Elle a été contente d’assumer le rôle de promotrice des carrières en soins de santé auprès de ses clients plus jeunes. « En pensant à ce que Dorothy a fait pour moi en disant « tu devrais devenir infirmière », je dis maintenant aux jeunes enfants qu’ils finiront leur secondaire, deviendront infirmière ou infirmier, docteure ou docteur, et qu’ils m’aideront au centre de santé. Leurs yeux s’illuminent et ils sourient. Il faudrait que je mette la main sur quelques stéthoscopes-jouets pour en distribuer, plutôt que des autocollants. »

10 questions à Laureen Pameolik

Si vous deviez choisir un mot pour vous décrire, ce serait lequel?
Fortunée

Si vous pouviez changer une chose en vous, qu’est-ce que vous changeriez?
Je complèterais mes études. J’ai besoin de continuer d’apprendre, de tenir mes compétences à jour et de me perfectionner.

Parmi ce que vous avez accompli, quelle est votre plus grande fierté?
Travailler à la clinique depuis 20 ans

Quelle est l’une des choses que les gens seraient surpris d’apprendre à votre sujet?
Beaucoup de gens ne savent pas que cela fait déjà 20 ans!

« Si j’avais plus de temps libre, je ... »
J’irais pêcher là où j’aurais des chances d’attraper mon premier omble.

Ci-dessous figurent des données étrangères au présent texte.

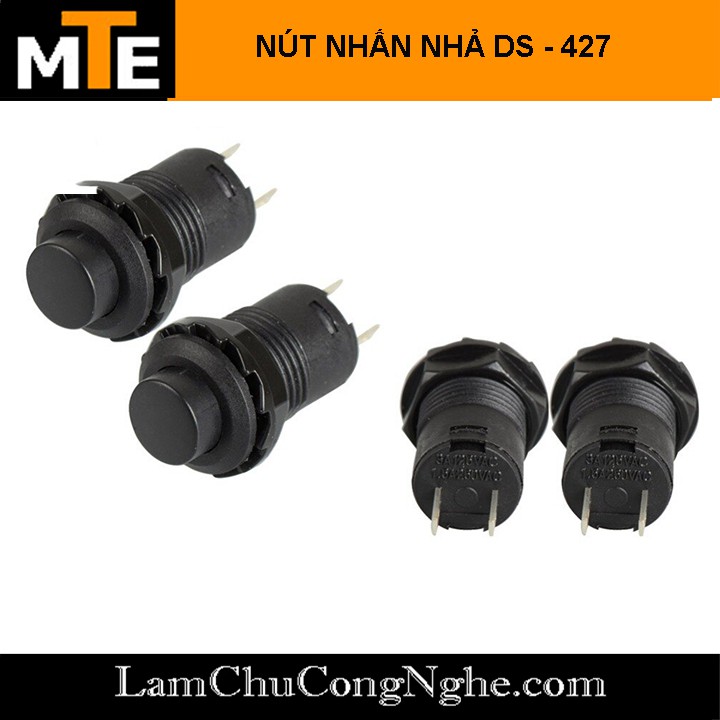 Nút nhấn nhả 12mm DS-427 1.5A 250v - màu đen, xanh, đỏ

Où avez-vous passé vos dernières vacances?
À Jasper, en février, avec mes parents. Ma mère était émerveillée par les montagnes; elle vient de régions plates, de la toundra.

Quel est l’endroit du monde que vous aimeriez le plus visiter?
Un camp de pêche en Alaska. Pensez aux saumons dans les rivières entre les montagnes…

Quel est votre plus grand regret?
Ne pas avoir terminé mes études d’infirmière praticienne

Quel est le meilleur conseil que vous ayez reçu pour votre carrière?
Oublier son travail après 17 h. Heureusement, j’ai un équilibre entre ma vie personnelle et ma vie professionnelle.

S’il était en votre pouvoir de changer une chose dans le système de soins de santé, qu’est-ce que vous changeriez?
J’aimerais voir plus d’infirmières et d’infirmiers. Si plus d’entre eux étaient inuits, ce serait encore mieux.


Laura Eggertson est journaliste indépendante à Ottawa.